● TASK
From the first line to the last, repeat the data below exactly.
------------------------------
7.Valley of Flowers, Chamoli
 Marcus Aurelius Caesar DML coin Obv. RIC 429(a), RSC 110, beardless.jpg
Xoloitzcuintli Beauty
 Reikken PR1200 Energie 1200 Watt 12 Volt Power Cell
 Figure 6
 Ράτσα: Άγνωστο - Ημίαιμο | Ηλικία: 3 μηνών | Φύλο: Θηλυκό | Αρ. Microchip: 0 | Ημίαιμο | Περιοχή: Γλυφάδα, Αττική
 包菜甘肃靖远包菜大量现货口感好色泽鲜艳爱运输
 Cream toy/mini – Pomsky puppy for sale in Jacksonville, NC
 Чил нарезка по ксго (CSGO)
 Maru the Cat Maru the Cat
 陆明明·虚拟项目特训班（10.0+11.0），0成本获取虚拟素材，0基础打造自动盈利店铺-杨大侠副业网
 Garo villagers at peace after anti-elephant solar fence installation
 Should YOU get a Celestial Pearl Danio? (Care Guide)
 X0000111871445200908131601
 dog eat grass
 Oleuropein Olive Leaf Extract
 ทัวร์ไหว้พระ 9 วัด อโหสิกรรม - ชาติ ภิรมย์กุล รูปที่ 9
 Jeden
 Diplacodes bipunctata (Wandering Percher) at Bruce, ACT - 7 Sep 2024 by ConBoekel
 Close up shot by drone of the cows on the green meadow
------------------------------
● RESPONSE TO THE TASK
7.Valley of Flowers, Chamoli
 Marcus Aurelius Caesar DML coin Obv. RIC 429(a), RSC 110, beardless.jpg
Xoloitzcuintli Beauty
 Reikken PR1200 Energie 1200 Watt 12 Volt Power Cell
 Figure 6
 Ράτσα: Άγνωστο - Ημίαιμο | Ηλικία: 3 μηνών | Φύλο: Θηλυκό | Αρ. Microchip: 0 | Ημίαιμο | Περιοχή: Γλυφάδα, Αττική
 包菜甘肃靖远包菜大量现货口感好色泽鲜艳爱运输
 Cream toy/mini – Pomsky puppy for sale in Jacksonville, NC
 Чил нарезка по ксго (CSGO)
 Maru the Cat Maru the Cat
 陆明明·虚拟项目特训班（10.0+11.0），0成本获取虚拟素材，0基础打造自动盈利店铺-杨大侠副业网
 Garo villagers at peace after anti-elephant solar fence installation
 Should YOU get a Celestial Pearl Danio? (Care Guide)
 X0000111871445200908131601
 dog eat grass
 Oleuropein Olive Leaf Extract
 ทัวร์ไหว้พระ 9 วัด อโหสิกรรม - ชาติ ภิรมย์กุล รูปที่ 9
 Jeden
 Diplacodes bipunctata (Wandering Percher) at Bruce, ACT - 7 Sep 2024 by ConBoekel
 Close up shot by drone of the cows on the green meadow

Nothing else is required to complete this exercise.